`scran::findMarkers` always return all available markers as differential, albeit with different p-values

[denvercal1234GitHub]

Hi there,

Thank you for the package.

I applied scran::findMarkers to determine the differentially expressed proteins of my clusters after performing clustering of the spectral flow cytometry data with CATALYST as below.

QUESTION 1. I noticed for any cluster, there are the same number of markers returned in the table (in fact all markers available in the object), although these markers with different p-values. So, does scran::findMarkers simply rank the markers available with p-values being how much it differentiates a given cluster against all other clusters?

QUESTION 2. Is there a way to also show the logFC column in the result instead of pre-setting it with lfc=2 within the function? Because is it true that p-values in these tests are only rough estimates and not quite reliable statistically to define cluster biomarkers; thus using logFC is better?

####### Select only the protein markers of interest to be analysed so that the analysis will only consider these proteins
F37_sce_backboneClustering <- filterSCE(F37_sce_backboneClustering, channel_name %in% markers_to_analyzed_vector)

F37_sce_backboneClustering_DEPwilcoxUplfc2ptypeAllMarkers = scran::findMarkers(assay(F37_sce_backboneClustering), groups= F37_sce_backboneClustering_meta16_clusteringIDperCell, test.type="wilcox", direction="up", lfc=2, pval.type="all", sorted=T, add.summary = T)

Thank you for your help!

[LTLA]

1: findMarkers will report statistics for all genes. It's up to you to decide where you want to draw the line with respect to defining a "marker". For example, you could set a threshold on the FDR, or you could take the top 100 genes, etc.

2: The lfc= argument is a testing threshold (inspired by limma::treat), it only affects the p-value calculation.

In your case, the actual issue is that you've set test.type="wilcox", which is causing the function to report AUCs instead of log-fold changes. This is because the AUC is a more relevant effect size when using the Wilcoxon test. If you want log-fold changes, just call the function again with test.type="t", which reports the log-fold change for each pairwise comparison. (Best to do so with sorted=FALSE to ensure that the order of rows is the same between outputs.)

Alternatively, you may consider using scoreMarkers, which dispenses with p-values altogether and just reports a variety of useful effect sizes, including Cohen's d (i.e., the standardized log-fold change) and the AUC.

[denvercal1234GitHub]

Hi @LTLA -- Thank you so much for the response. Very helpful.

Does it mean it is more accurate to use AUC (instead of FC) when using wilcox? I am unclear because in scRNAseq DEG analysis, Wilcox and not t-test is used with reported logFC and not AUC.
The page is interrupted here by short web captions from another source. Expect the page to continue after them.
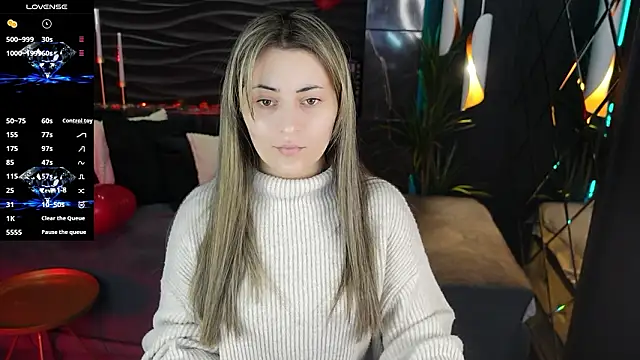 Snapshot of KylieMellow chatting on 02.07.26 KylieMellow online show from 02.07.26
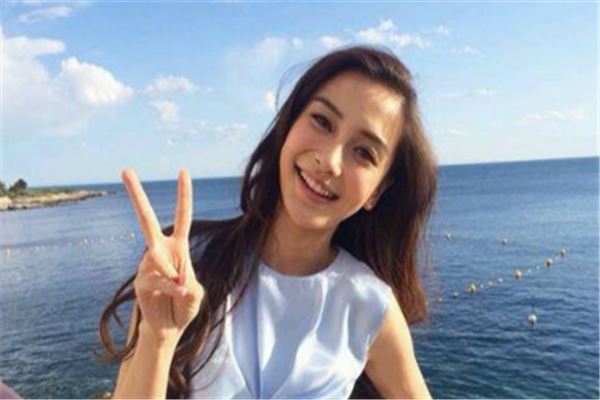 演技最烂的十大女明星：欧阳娜娜上榜，她是热搜体质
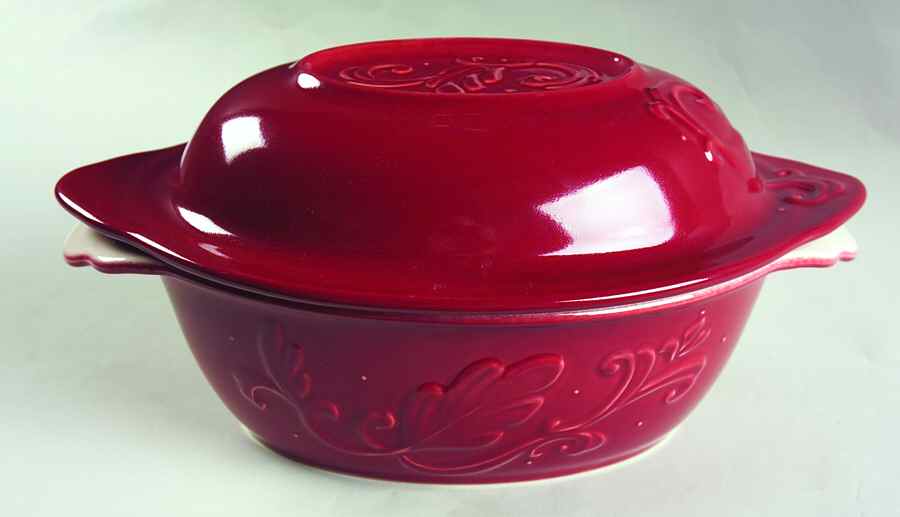 Weir in Your Kitchen Cayenne 2 Quart Oval Covered Casserole by Pfaltzgraff-1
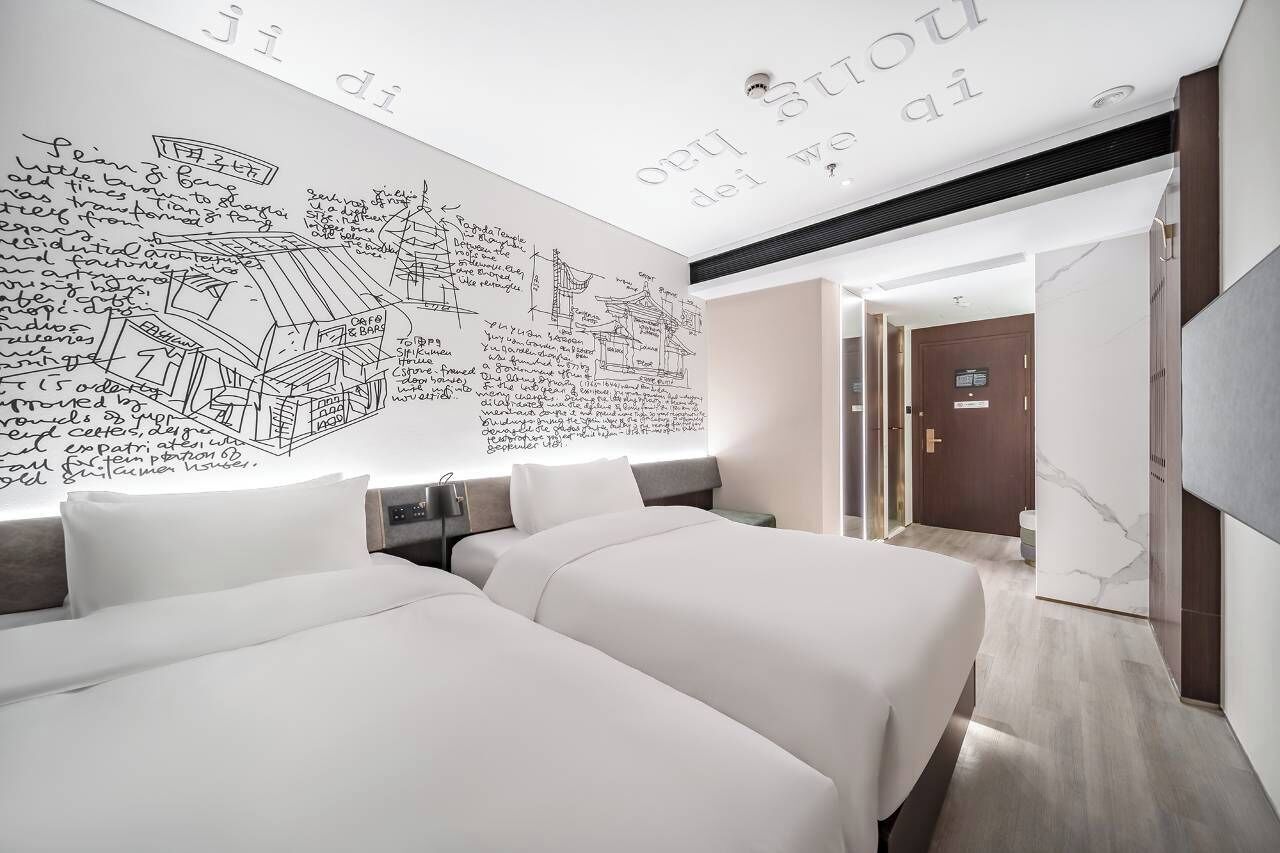 Espacio para trabajar con laptop y tabla de planchar con plancha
In your experiences, should I sort the markers based on logFC from t-test, or based on AUC from Wilcox, because I am hesitant to rank/sort the markers by "p-values" and "FDR" given that the p-values in these kinds of analyses are inherently biased.

[LTLA]

Does it mean it is more accurate to use AUC (instead of FC) when using wilcox?

I don't think "accurate" is the right word here.

The AUC is just a more relevant statistic for the Wilcoxon test, as the p-value is effectively derived from the AUC. So if you get a low p-value, you can be sure that the AUC for at least one pairwise comparison is high. (Or multiple comparisons, depending on pval.type=.)

You can't say that about the log-fold change, because that statistic is not directly related to the p-value. For example, it is easy to get a very large log-fold change with a high p-value if you have a highly variable distribution with large outliers in one group. This inflates the log-fold change but is penalized by the tests.

In your experiences, should I sort the markers based on logFC from t-test, or based on AUC from Wilcox, because I am hesitant to rank/sort the markers by "p-values" and "FDR" given that the p-values in these kinds of analyses are inherently biased.

While it is true that the p-values are "biased" in the sense that they are too optimistic, they are still okay for ranking. For example, if you rank by AUC, you're basically ranking by the Wilcoxon p-value anyway. And ranking by the t-test p-value is still better than ranking by log-fold change if you want to consider the variance.

But you can basically rank by whatever you want. For example, in our app, users can select a variety of different strategies to rank marker genes, each with their own strengths and weaknesses. As long as you understand what those are, you can choose one that suits your needs.

[denvercal1234GitHub]

This is very helpful, @LTLA! Thank you.